Le changement des conditions physico-chimiques dans la lagune, l’élévation de la température des eaux et le taux de mortalité relativement élevé des naissains d’huîtres constituent aussi une source de préoccupation pour les éleveurs dans cette zone classée B, a précisé M. El Bain.
Il a dans ce sens jugé nécessaire de veiller à la préservation de ce complexe lagunaire à haute valeur écologique, contre la pollution et le changement climatique.
Concernant les naissains, notre interlocuteur a noté qu’ils proviennent exclusivement de l’exportation et précisément de la région d’Arcachon en France. Ce qui recèle une quasi-dépendance de cette filière vis-à-vis de l’étranger.

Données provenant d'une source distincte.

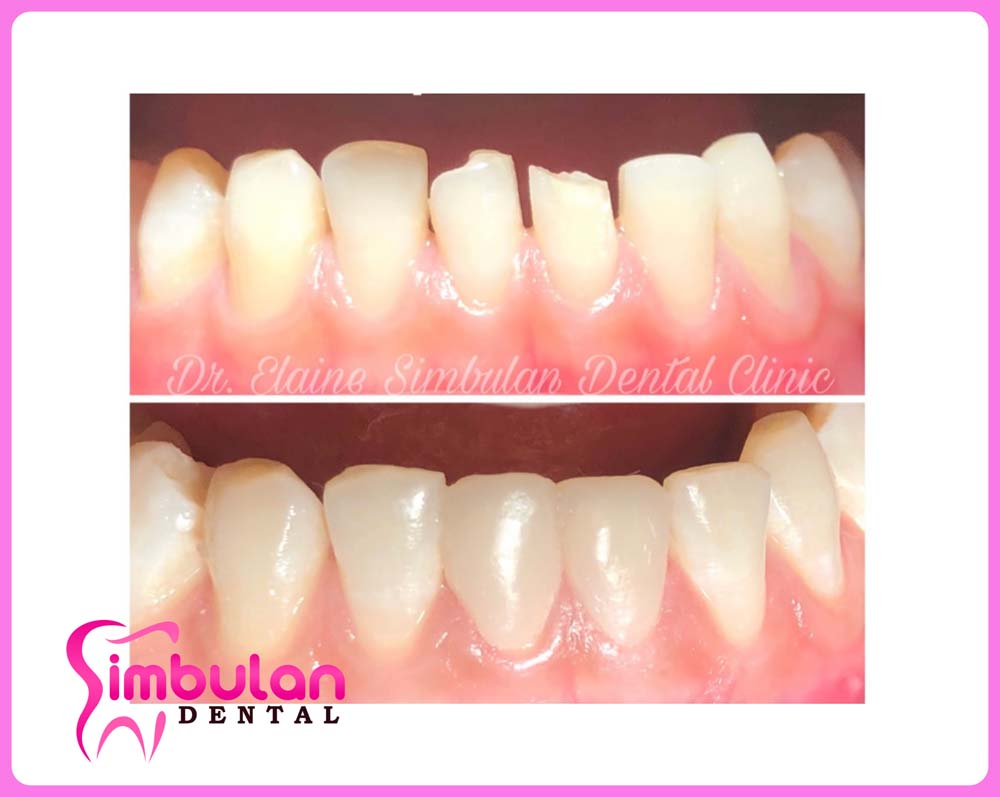 Veneers-2023 (3)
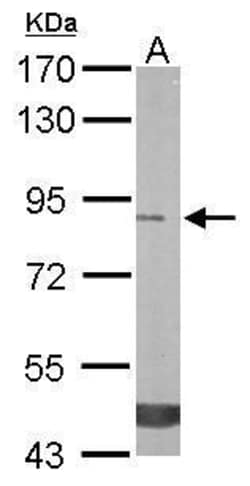Invitrogen TREH Polyclonal Antibody 100 &mu;L; Unconjugated:Antibodies,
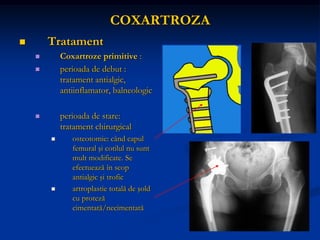 COXARTROZA
 Tratament
 Coxartroze primitive :
 perioada de debut :
tratament antialgic,
antiinflamator, balneologic
 perioada de stare:
tratament chirurgical
 osteotomie: când capul
femural şi cotilul nu sunt
mult modificate. Se
efectuează în scop
antialgic şi trofic
 artroplastie totală de şold
cu proteză
cimentată/necimentată
 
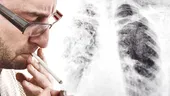 Peste 10.000 de români mor în fiecare an din cauza unui tip de cancer cauzat de fumat. 5 semne că trebuie să mergi la medic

Originaire et en bon connaisseur de la région de Oualidia, M. El Bain a relevé aussi que cette activité a un fort impact social. Outre les éleveurs propriétaires et les employés des parcs aquacoles, plusieurs autres riverains en tirent profit à l’instar des petits vendeurs ambulants qui sillonnent la plage à la recherche de leur pain quotidien, a-t-il dit.
Malheureusement, a-t-il regretté, la crise sanitaire actuelle a compliqué la situation de cette filière, notamment en cette période censée booster nos chiffres d’affaires, notant à cet égard que pour faire face à cette conjoncture difficile, le parc aquacole dont il assure la gestion et qui produit essentiellement des huîtres et des moules s’est lancé sur les réseaux sociaux pour pallier à la chute de la demande et des arrivées touristiques.
D’autres obstacles entravent le développement du secteur notamment le financement sachant que l’aquaculture fait appel à des investissements importants aussi bien pour les besoins d’exploitation que pour les structures d’élevage, d’où le besoin de mettre en place d’avantages de mesures incitatives pour encourager l’investissement dans cette activité, jugée rentable par les professionnels.
Il s’agit aussi d’autres vulnérabilités liées surtout à la faible taille des entreprises aquacoles en raison du caractère artisanal ou familial des unités de production et du coût élevé des assurances qui visent à couvrir la mortalité du cheptel aquacole suite aux événements pathologiques et météorologiques et autres dommages causés aux installations et équipements.
Pour faire face à cette situation, la Cour des comptes avait mis l’accent, dans son rapport annuel de 2018, sur la nécessité d’accélérer l’adoption du code de l’aquaculture et d’instaurer des mesures fiscales et douanières incitatives pour faciliter l’accès aux intrants aquacoles. Il s’agit aussi d’accompagner les investisseurs par un appui technique et financier, dans le but de rattraper le retard pris dans le développement de l’aquaculture pour réduire la pression sur les ressources halieutiques…
Parmi les mesures incitatives concrétisées figure la prorogation de la mesure relative à l’application du droit d’importation minimum de 2,5 % sur les aliments pour poissons pour une période supplémentaire de 6 ans à compter de janvier 2018, en attendant d’autres actions d’ordre foncier et fiscal. Le développement d’une aquaculture commerciale exige aussi de développer et d’investir dans la recherche scientifique et l’innovation tout en s’alignant sur les standards internationaux…
Jouissant d’une ferme volonté politique, le secteur de l’aquaculture constitue un levier important de développement socio-économique des territoires et de création de richesse et d’emploi qu’il s’agit d’activer afin de tirer parti des perspectives prometteuses qui se dessinent à l’horizon.